With respect to the second branch of the amendment, that subject also had been referred to the Judiciary Committee, and had received a good deal of their time and attention; and for himself, Mr. V. B. said, he thought the amendment proposed by the gentleman from Kentucky, with some modification, would remedy the existing evil. The proposition was in itself proper and right; and he should be willing to unite in a report of the Judiciary Committee, recommending its adoption, with some alteration of the details. There is a bill now pending in the other House, containing the same provisions, as far as the United States are concerned. When that bill came here, Mr. V. B. said, or when the Judiciary Committee were referred to on the subject, he would lend his aid to carry into effect the views of the gentleman from Kentucky on these two objects. He was certain that some modification would be necessary; it was an object that had but recently been brought before them, and, connected with this bill, he was opposed to it, for the reasons he had stated.

(Mr. MILLS, Mr. TAZEWELL, and Mr. JOHNSON, of Ky. here successively delivered their sentiments on the question. It is a subject of great regret to the Editors, that they have it not in their power to introduce these speeches in their proper places.

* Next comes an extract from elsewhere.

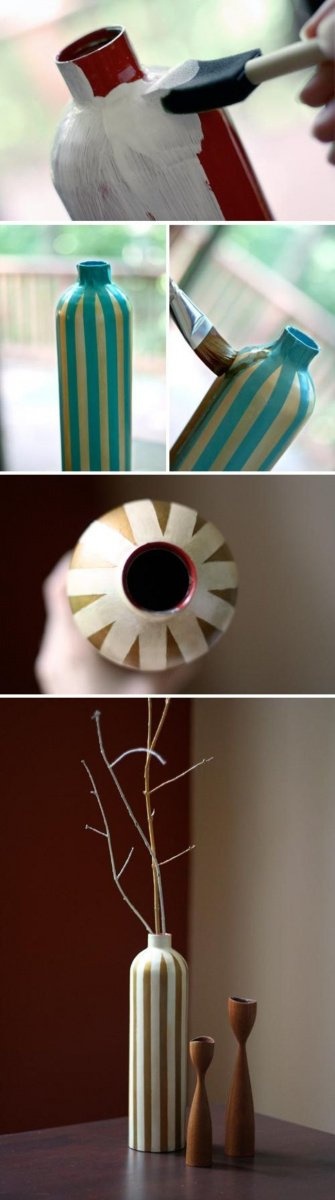 Процесс изготовления вазы из бутылки с помощью раскраски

Mr. VAN BUREN said he had stated he concurred generally with the gentleman from Kentucky. He concurred with him further, in his entire willingness to adopt the other remedy he proposes, to curtail the power of jurisdiction of the Supreme Court of the United States. On this principle, he would expunge from the Constitution the clause declaring no State shall pass any law impairing the obligation of contracts, and he would do so for the reasons assigned by the gentleman from Massachusetts. It was an article inserted in the Constitution at the time when the State Governments did not hold that rank to which they are now entitled. But that could only be done by an amendment of the Constitution. Mr. V. B. said his principal object in rising was to weaken the force of the objection last urged by the gentleman from Virginia, and which was to this effect: The bill on the table is defective, inasmuch as, by its provisions, a decision pronounced by the Judges at one term, might be reversed by a decision of the majority of the Judges, at a subsequent meeting of the Court. True, that was the case. But, Mr. V. B. said, it had been the case for the last twenty years. It was true, as the gentleman from Virginia had stated, that, at the first organization of the Judicial System, the difficulty was guarded against. There were five Judges, four were necessary to form a Court, and three were a majority. That continued to be the case after the number was raised to six. But in 1807, an additional Judge was added to the bench of the Supreme Court, making seven, and four were necessary to form a quorum up to the present time. From that time to the present, it has been in the power of a full Bench to modify or reverse a principle previously established. But when twenty years have passed without any such occurrence having taken place, Mr. V. B. thought that legislative provisions on that subject might be deferred till it could be brought up disencumbered from the present bill.